Rename selected signatures from an existing set of signatures.

Usage

renameSignature(sigmatrix,selectSig,renameSig)

**Arguments **

  • sigmatrix: An object of class mutsig describing the existing set of signatures.
  • selectSig: A vector containing name(s) of the signature(s) to be removed.
  • renameSig: A vector containing updated name(s) of the signatures.

Details

Renaming of selected mutation signatures to an existing signature set, upon which the updated signature set is returned.

Value

An object of mutsig class.

Examples

> renamedSigMatrix=renameSignature(sigmatrix=signatures.cosmic, selectSig=sig=c(2,5), 
> renameSig=resig=c('two', 'five')) # rename signatures 2 and 5.

3.7 mergeSignature

Description

This function creates a new mutational signature by taking a linear combination of k other signatures s11, s12,...,skn in a matrix of mutational signatures. In order to use this function, a weight vector w1, w2,...,wk must be specified. The new mutational signature is created by multiplying the component signature values by the corresponding weights in the weight vector. The formula for the entries of the new signature is s11w1+s21w2+...+sk1wk, s12w1+s22w2+...+sk2wk,...,s1nw1+s2nw2+...+sknwk. The function returns this new signature plus all of the signatures in the original dataset that were not merged into the new matrix of signatures.

Usage

mergeSignature(sigmatrix,sig,weights)

**Arguments **

  • sigmatrix: A mutsig object of mutational signatures.
  • sig: A vector that describes the signatures to be merged
  • weights: A vector that describes the relative weights of each of the component signatures in the merged mutational signature.

Value

A new matrix of signatures consisting of the signatures in the original matrix of mutational signatures that were not merged as well as the mutational signature that is a result of merging the input signatures. For example, if there were 10 signatures in the original signature matrix and signatures 1-6 were set to be merged, then the output value would be a matrix of 5 signatures(signature 7,8,9,10 and the result of merging signatures 1-6).

Examples

> weights=rep(1/27,27)      
> mergeSignature(signatures.cosmic,1:27,weights)
> # another example
> weights=rep(1/6,6)  
> mergeSignature(signatures.cosmic,1:6,weights)   

3.8 clusterSignature

Performs a hierarchical clustering analysis of an input mutational signature matrix using the Euclidean distance metric.

Usage

clusterSignature(sigmatrix)

**Arguments **

  • sigmatrix: An input matrix of mutational signatures.

Value

A hierarchical clustering object formed from the input matrix of mutational signatures. This can then be plotted to show how the mutational signatures in the input matrix are related to one another.

Examples

> hclust_obj=clusterSignature(sigmatrix=signatures.cosmic) 

3.9 signatureHeatmap

Description

Construct a heatmap showing relative weights of tri-nucleotide motif for different mutation signatures.

Usage

signatureHeatmap(sigmat, pngfile='signatures_heatmap' )

**Arguments **

  • sigmat: An object of class mutsig describing the existing set of signatures.
  • pngfile: The name of png formatted image file to be created.

Details

Create a heatmap to show relative weights of trinucleotide motifs for different mutation signatures in a signature-set.

Value

A png formatted image file.

Examples

> sigmat=signatures.cosmic
> signatureHeatmap(sigmat, pngfile='signatures_heatmap')

3.10 signaturePCA

Description

Constructs three PCA plots showing variations among the signatures in terms of the weights of the principal components for different mutation signatures, as well as the eigenvalues and cosine similarity among expected and actual signatures.

Usage

signaturePCA(sigmat, pngfile )

**Arguments **

  • sigmat: An object of class mutsig describing a set of signatures.
  • pngfile: Name of png formatted image file to be created.

Value

Create three PCA plots with the following extensions to show difference among mutational signatures.

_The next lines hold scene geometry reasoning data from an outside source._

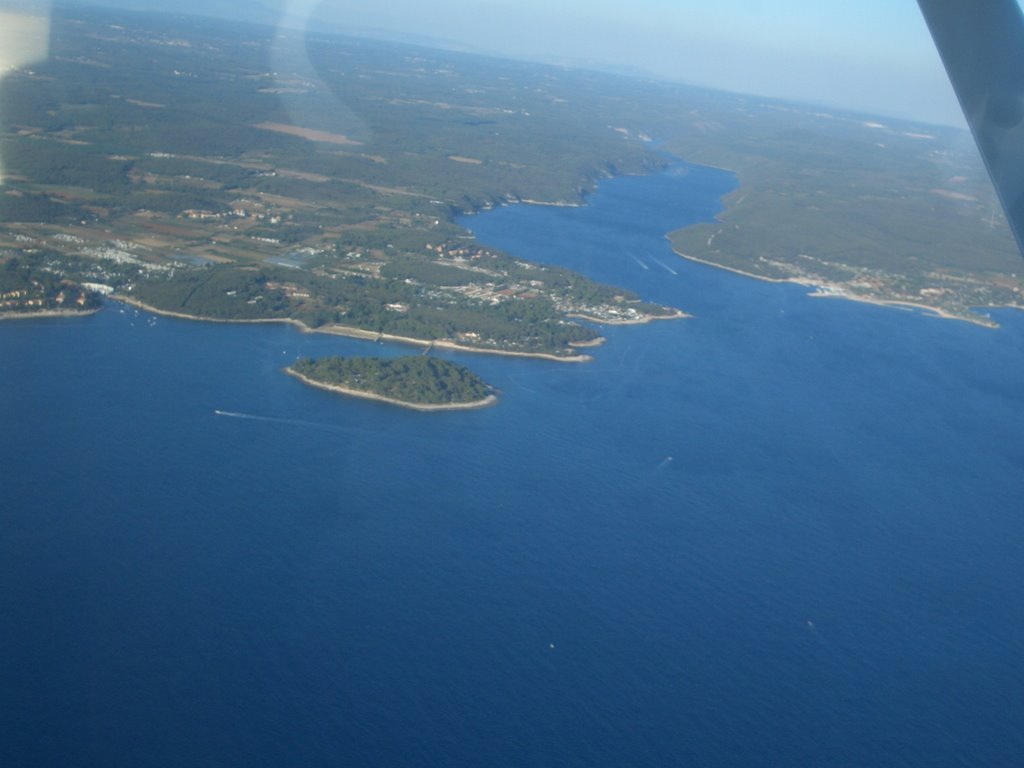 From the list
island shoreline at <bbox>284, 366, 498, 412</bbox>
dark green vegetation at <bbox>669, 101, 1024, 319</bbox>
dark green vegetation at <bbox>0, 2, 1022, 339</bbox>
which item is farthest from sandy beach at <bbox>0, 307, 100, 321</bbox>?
dark green vegetation at <bbox>669, 101, 1024, 319</bbox>

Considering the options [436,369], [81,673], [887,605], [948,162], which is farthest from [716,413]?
[948,162]

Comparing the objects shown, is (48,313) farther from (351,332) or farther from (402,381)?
(402,381)

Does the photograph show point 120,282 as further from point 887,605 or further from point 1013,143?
point 1013,143

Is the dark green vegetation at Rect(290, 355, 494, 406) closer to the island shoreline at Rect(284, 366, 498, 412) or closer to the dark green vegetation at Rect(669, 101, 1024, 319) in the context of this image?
the island shoreline at Rect(284, 366, 498, 412)

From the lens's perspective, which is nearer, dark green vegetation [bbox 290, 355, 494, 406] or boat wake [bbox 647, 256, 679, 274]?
dark green vegetation [bbox 290, 355, 494, 406]

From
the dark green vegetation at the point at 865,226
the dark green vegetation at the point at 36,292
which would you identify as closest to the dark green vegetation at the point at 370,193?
the dark green vegetation at the point at 865,226

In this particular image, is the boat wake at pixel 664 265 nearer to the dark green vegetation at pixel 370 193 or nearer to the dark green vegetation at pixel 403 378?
the dark green vegetation at pixel 370 193

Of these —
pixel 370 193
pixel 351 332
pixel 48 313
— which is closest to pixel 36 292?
pixel 48 313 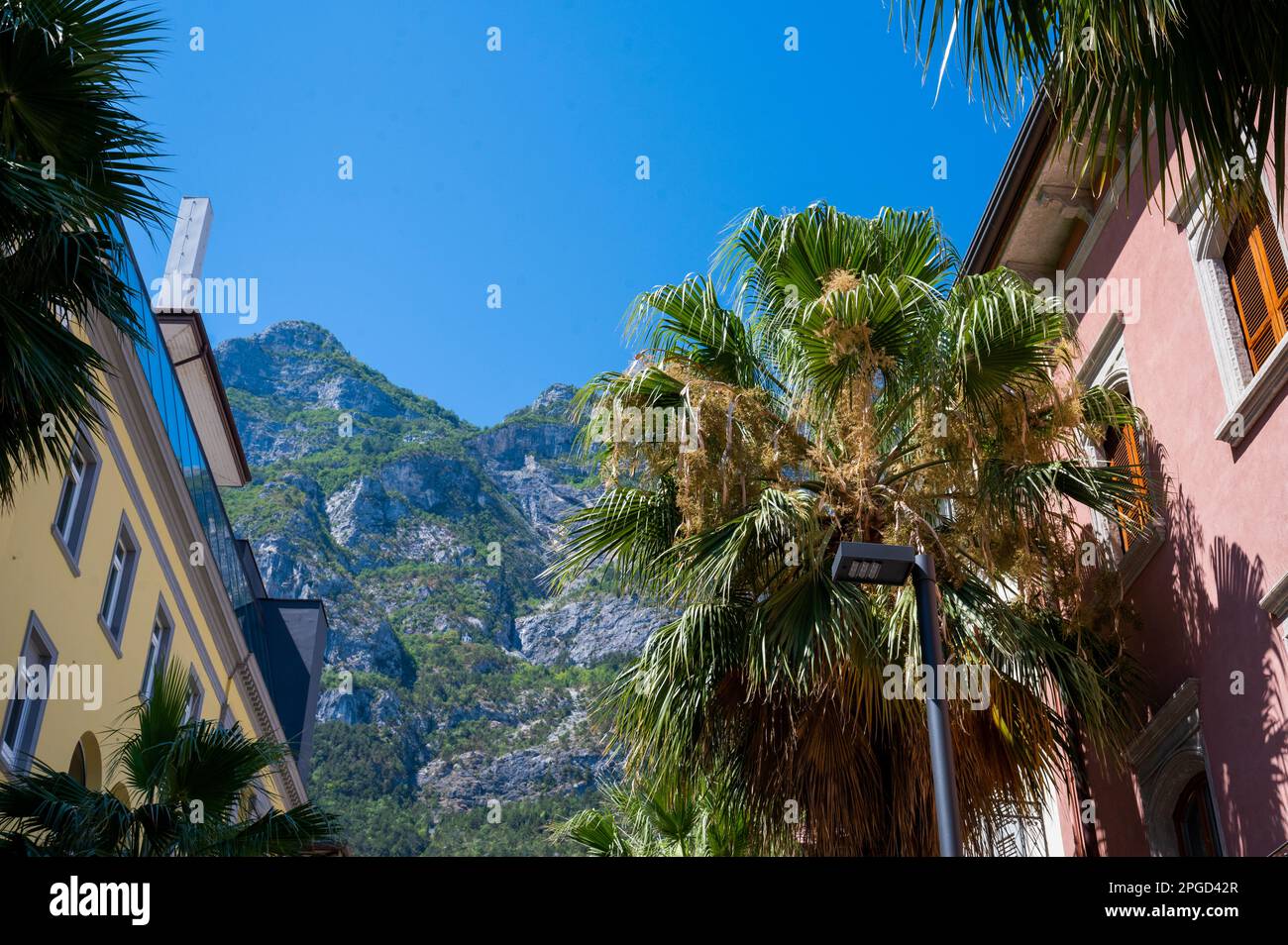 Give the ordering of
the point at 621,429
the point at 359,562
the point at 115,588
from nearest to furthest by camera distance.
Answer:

  • *_Eigen.png : The eigenvalues of the PCA and the relative amount of the variation each eigenvalue.
  • *_var.png : The different single-nucleotide alteration components in terms of the two dimensions.
  • *_PCA.png : The different signatures in terms of the 2 non-dimensional vectors derived by the PCA analysis and the cosine similarity between the estimate of each mutation signature using PCA and the actual mutation signature(in order to determine how accurately the 2 dimensions calculated by PCA represent the mutational signatures).

Examples

> sigmat=signatures.cosmic
> signaturePCA(sigmat, pngfile="signaturePCA")

3.11 signature_tSNE

Description

Constructs tSNE plot of mutation signatures.

Usage

signature_tSNE(sigmat, pngfile )

**Arguments **

  • sigmat: An object of class mutsig describing a set of signatures.
  • pngfile: Name of png formatted image file to be created.

Value

Create tSNE plot to show similarity among mutational signatures.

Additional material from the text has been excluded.